Benlou、古今東西のポップミュージック愛で紡ぐ“新しさと懐かしさ” 仙田和輝&山本幹宗ならではの化学反応に迫る

Benlouの化学反応に迫る

ポール・マッカートニーやELOから影響された“質の高い生演奏”

ーーM3「ミラージュ」は、今作の中で最も60年代テイストな雰囲気を持った曲ですよね。

山本:仙田のデモの段階ではもっとCarpentersみたいな牧歌的な雰囲気だったのですが、おそらくロックっぽいアレンジの方がメロディとのはまりもいいだろうなと。ちなみにアレンジのリファレンスは完全にThe Stone Roses「Waterfall」(1989年)です。ベースを弾いてくれた佐藤(征史/くるり)くんも、「俺はマニ(The Stone Rosesのベーシスト)をやったらええんやろ?」ってすぐ理解してくれましたね(笑)。豪太さんはまさにリアルタイム世代な上に、当時UKに暮らしていましたし、エンジニアさん(小森雅仁)にもジョン・レッキーとかスティーヴ・リリーホワイトが得意とする、ちょっと靄のかかったリバーブサウンドにしてほしいと頼みました。

Benlou – ミラージュ [Official Video]

ーーギターのオーケストレーションも、他の曲と比べると大きくフィーチャーされています。

山本:そうですね。おそらく、ギターが同時に2本も3本も鳴っているのはEPの中でこの曲くらい。

ーーエンディングに向かってリバーブが深くなっていくのも遊び心ありますね。

山本:当時ジョン・レッキーがやっていたようなことをやってみました。イントロはThe Beatles「Mother Nature's Son」をもじったアルペジオなんですけど、アウトロはもうまんま弾いています(笑)。

ーー引用できるフレーズは、できるだけわかりやすく引用するように心がけていると以前のメールインタビューでおっしゃっていましたよね(※1)。次のM4「フェイク」はかなりケレン味のある楽曲だなと。

山本:この曲は唯一、仙田くんの当初のデモの音が残っています。パッと聴いたときに「VシネマのBGMみたいな曲だな」と思ったんですけど(笑)、この曲が一番「コスプレ」しているというか、ちょっと肩パットが入ったスーツみたいな仕上がりになっているんです。今ならこういうサウンドも出せそうだなと思って。
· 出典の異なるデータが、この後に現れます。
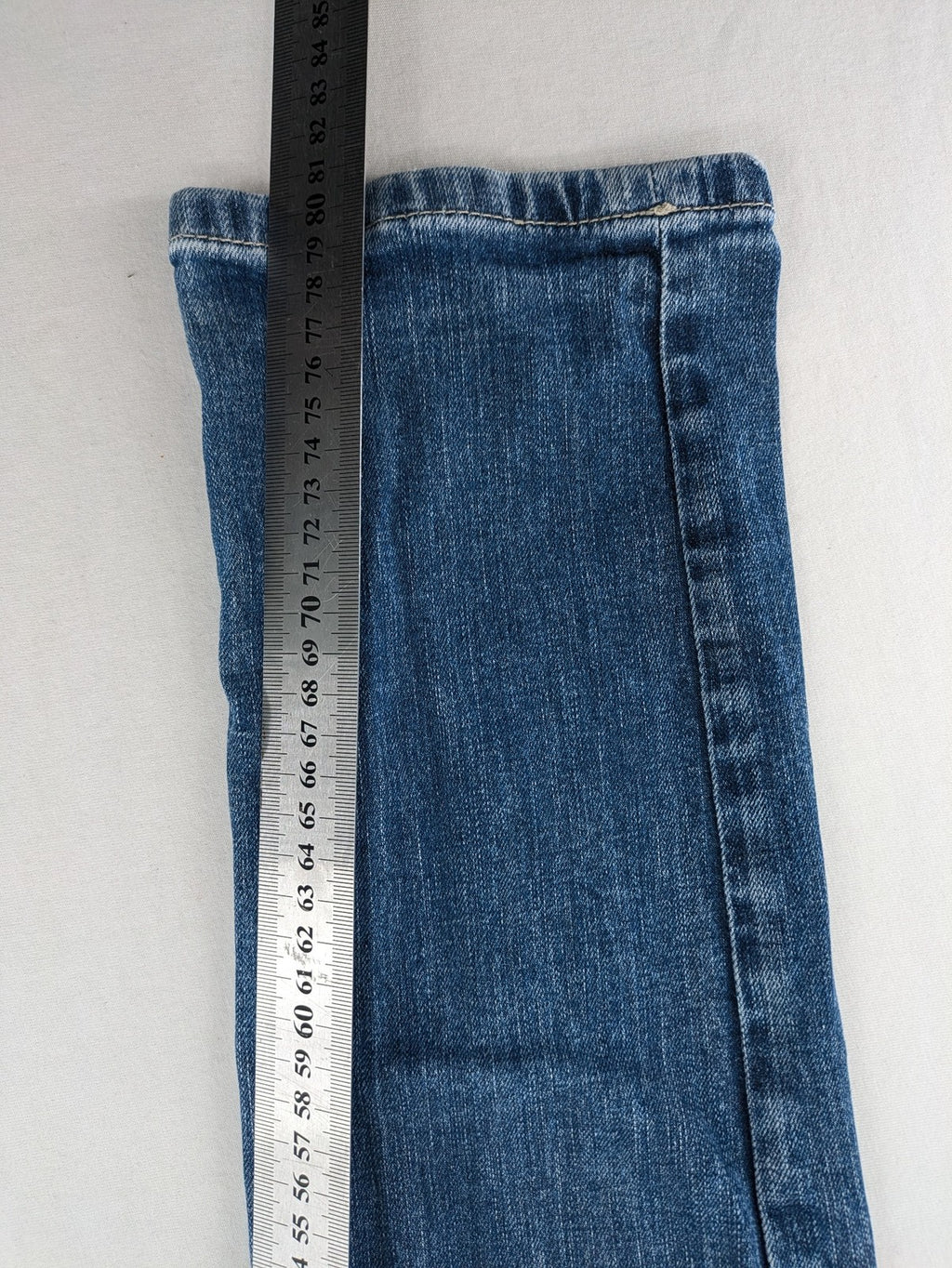 C&A blue skinny jeans medium wash five-pocket design cotton stretch blend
ーーヴェイパーウェーブ的な虚無感もあって、サビのメロディと歌詞の組み合わせは聴いていて病みつきになりますし、Miami Sound Machine「Conga!」(1985年)を思い出しました。M5「路地裏」もかなりケレン味あふれるメロディですよね。

仙田:この曲はまさに歌謡曲っぽい、マイナー調で憂いのあるメロディを書いてみようという意識がありました。
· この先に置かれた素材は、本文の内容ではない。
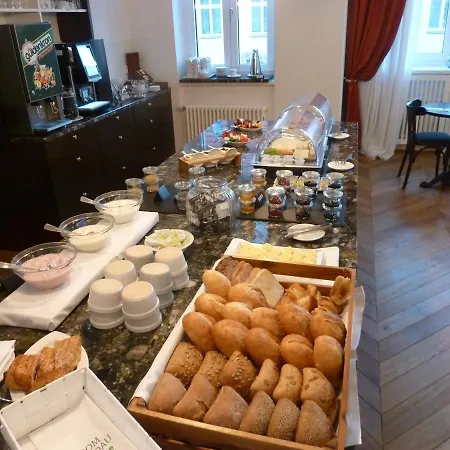 Lindenufer 3* Berlin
山本:レコーディングでは最初、シェイカーのループに合わせて、豪太さん、俺、佐藤くんで合わせて演奏しました。結構なまった感じのグルーヴなので、ただ昔懐かしい昭和歌謡をやるのとは違う雰囲気になったと思います。

Benlou – 路地裏 [Official Video]

ーーBenlouの記念すべき1stシングルとなったM6「Ripple Mark」はどうでしょう?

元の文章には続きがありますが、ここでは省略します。